= What you have to do =
Retype the lines below exactly, from the one that contains "2025 Chevrolet Express Cutaway 3500 1WT" through the last, and leave every picture out.

--- Data listing Enclosed Below ---

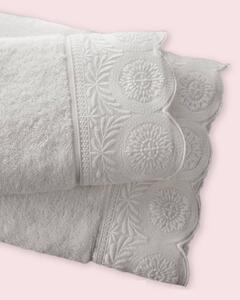 Soft Cotton Osuška QUEEN 85x150 cm. Luxusná osuška QUEEN má rozmery 85 x 150 cm. 100% česaná bavlna s antibakteriálnou úpravou si vás podmaní tým, ako je príjemná k pokožke. Smotanová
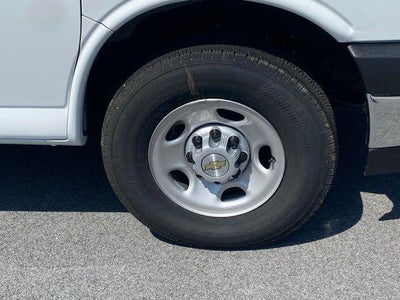 2025 Chevrolet Express Cutaway 3500 1WT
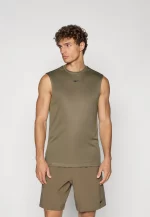 Reebok Train Sleeveless Tech Verde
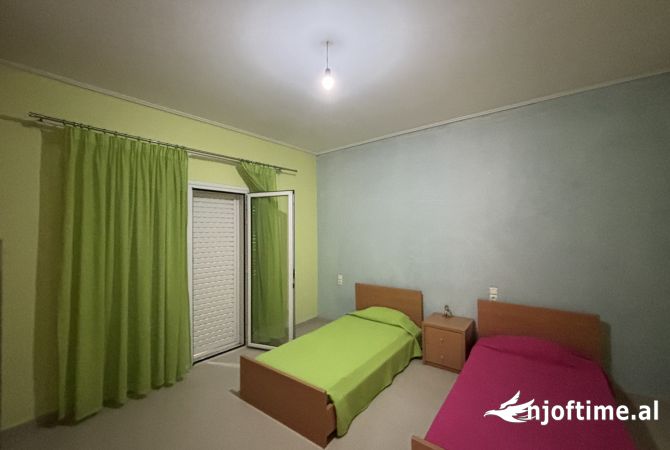 Shtepi me qera Apartament ne Tirane, 2+1, Mobilimi E mobiluar, Pagesa 420  Euro.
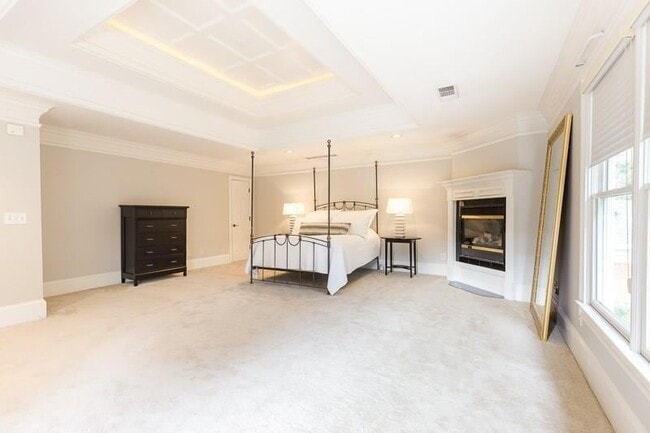 Building Photo - 1106 McLynn Ave NE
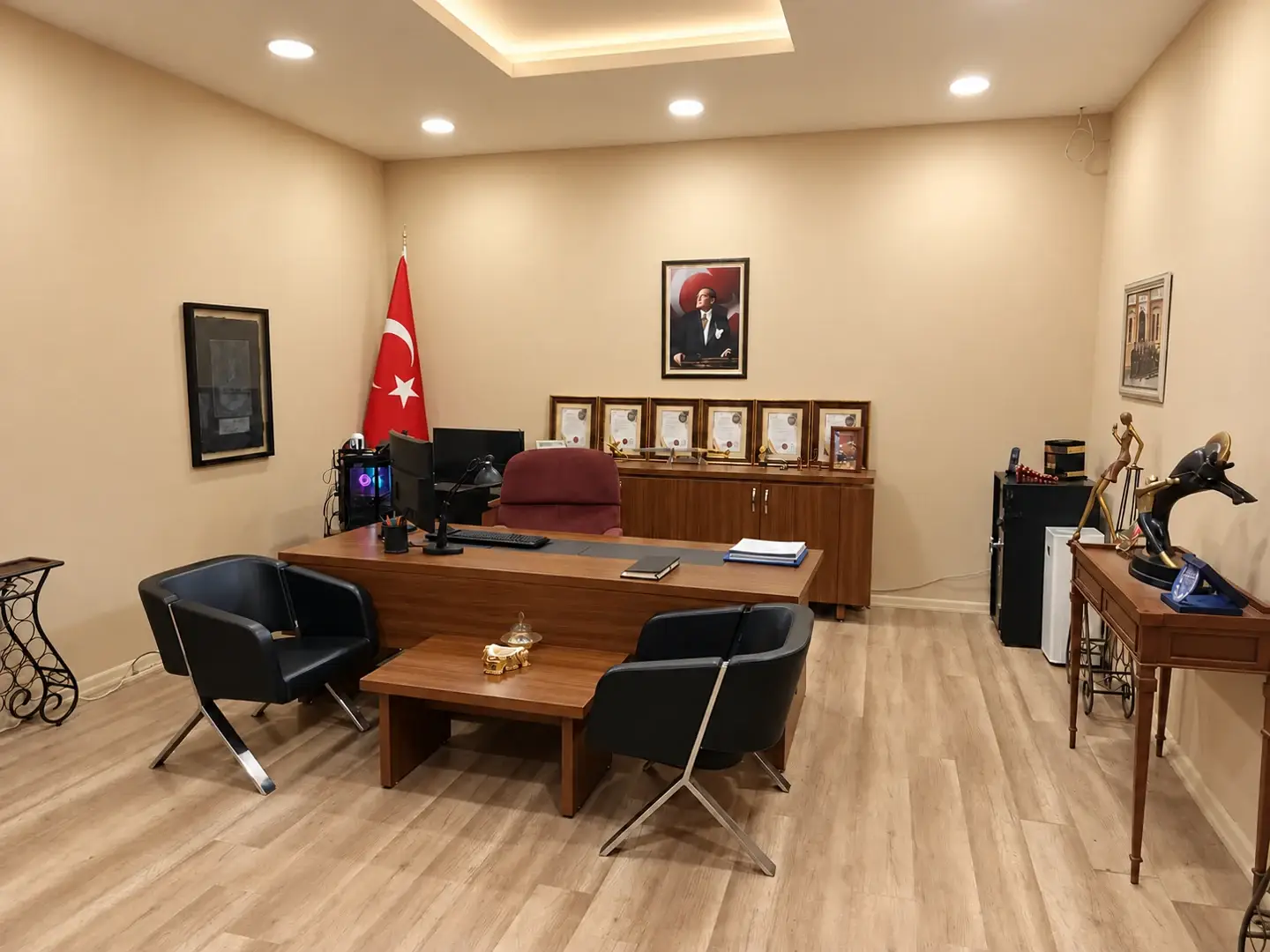 Görüşme ve Yönetim Alanı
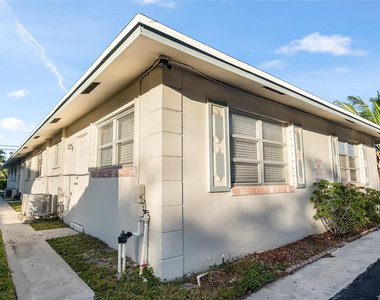 709 Se 15th Street - Photo Thumbnail 28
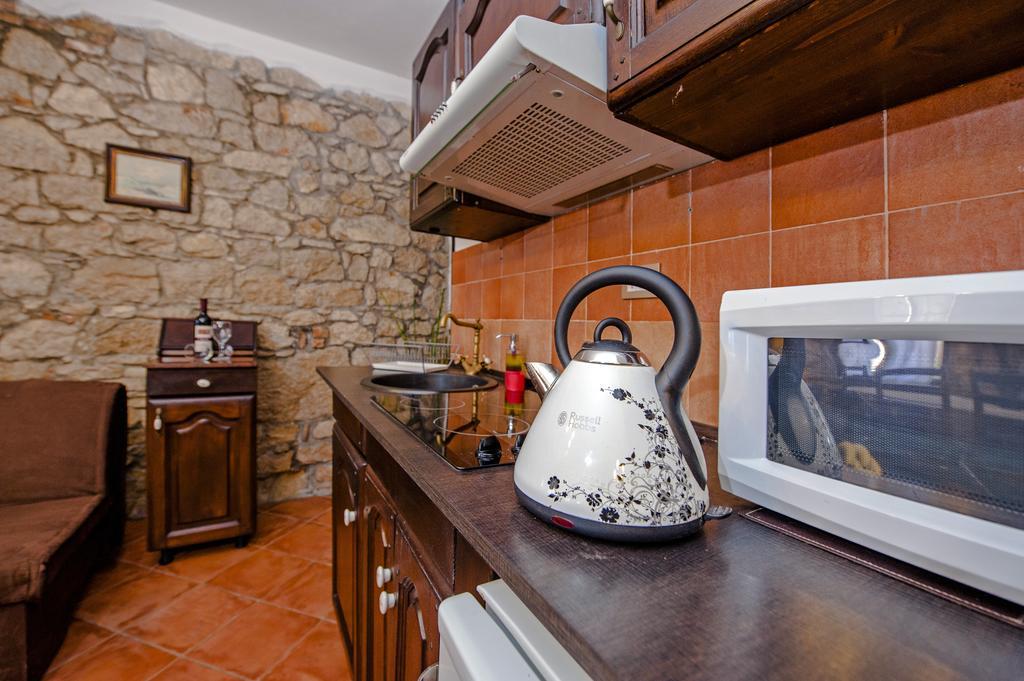 Apartments Taylor Rovinj Exterior photo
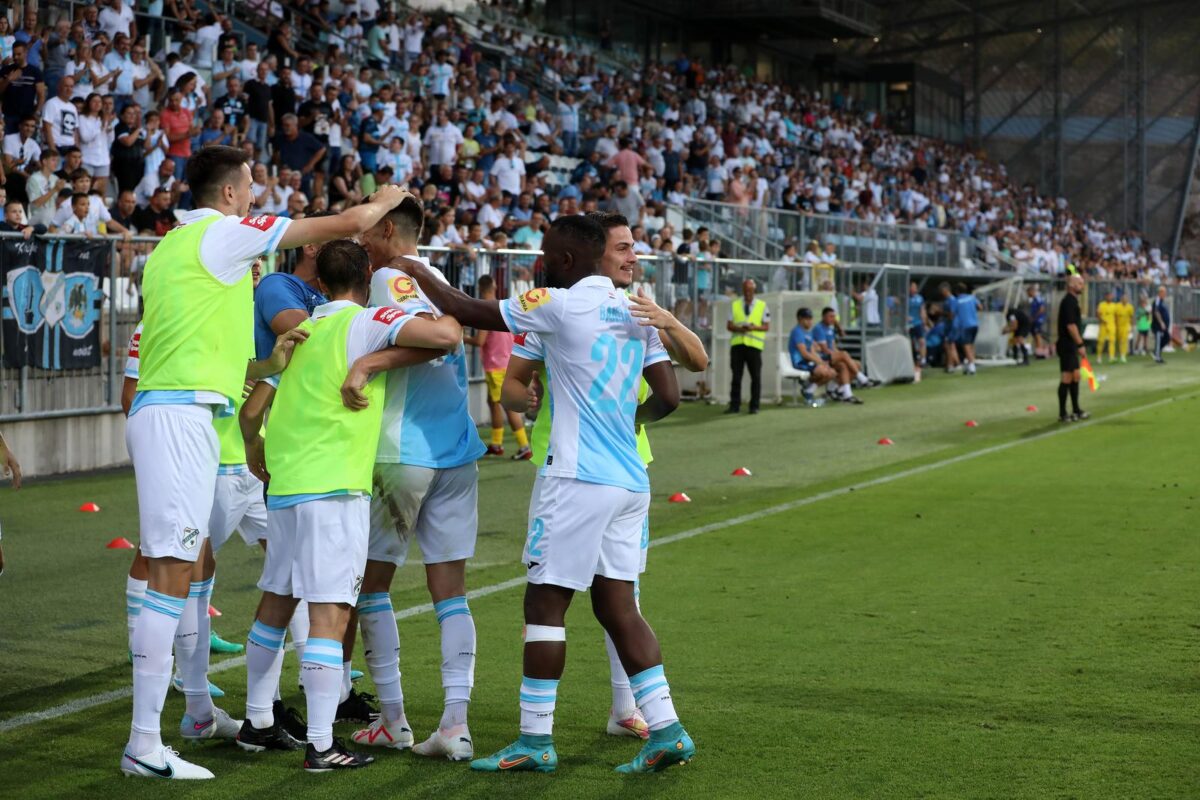 KRAJ] RIJEKA - HAJDUK 1:0 Rijeka preuzela prvo mjesto u SuperSport HNL-u  golom Jankovića u 63' - DALMACIJA DANAS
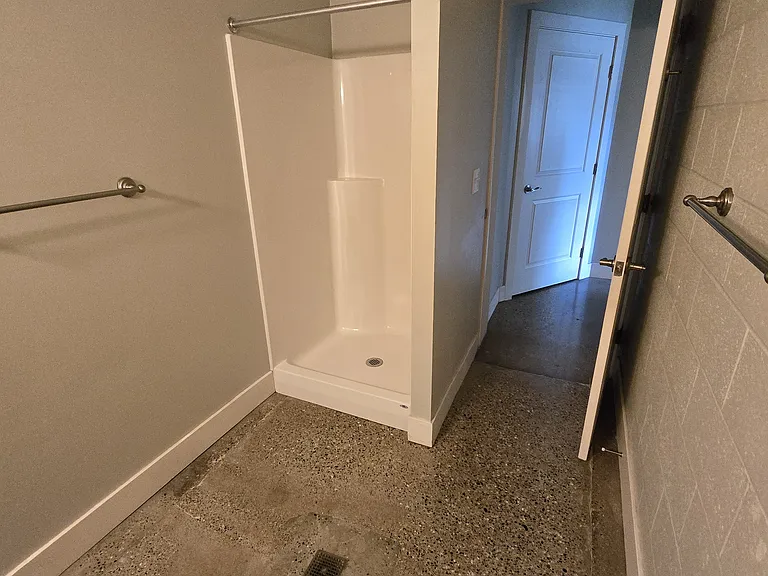 822 Cherry St SE #102 — Photo 16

--- End of Enclosed Data listing ---

= Solution to this problem =
 2025 Chevrolet Express Cutaway 3500 1WT
 Reebok Train Sleeveless Tech Verde
 Shtepi me qera Apartament ne Tirane, 2+1, Mobilimi E mobiluar, Pagesa 420  Euro.
 Building Photo - 1106 McLynn Ave NE
 Görüşme ve Yönetim Alanı
 709 Se 15th Street - Photo Thumbnail 28
 Apartments Taylor Rovinj Exterior photo
 KRAJ] RIJEKA - HAJDUK 1:0 Rijeka preuzela prvo mjesto u SuperSport HNL-u  golom Jankovića u 63' - DALMACIJA DANAS
 822 Cherry St SE #102 — Photo 16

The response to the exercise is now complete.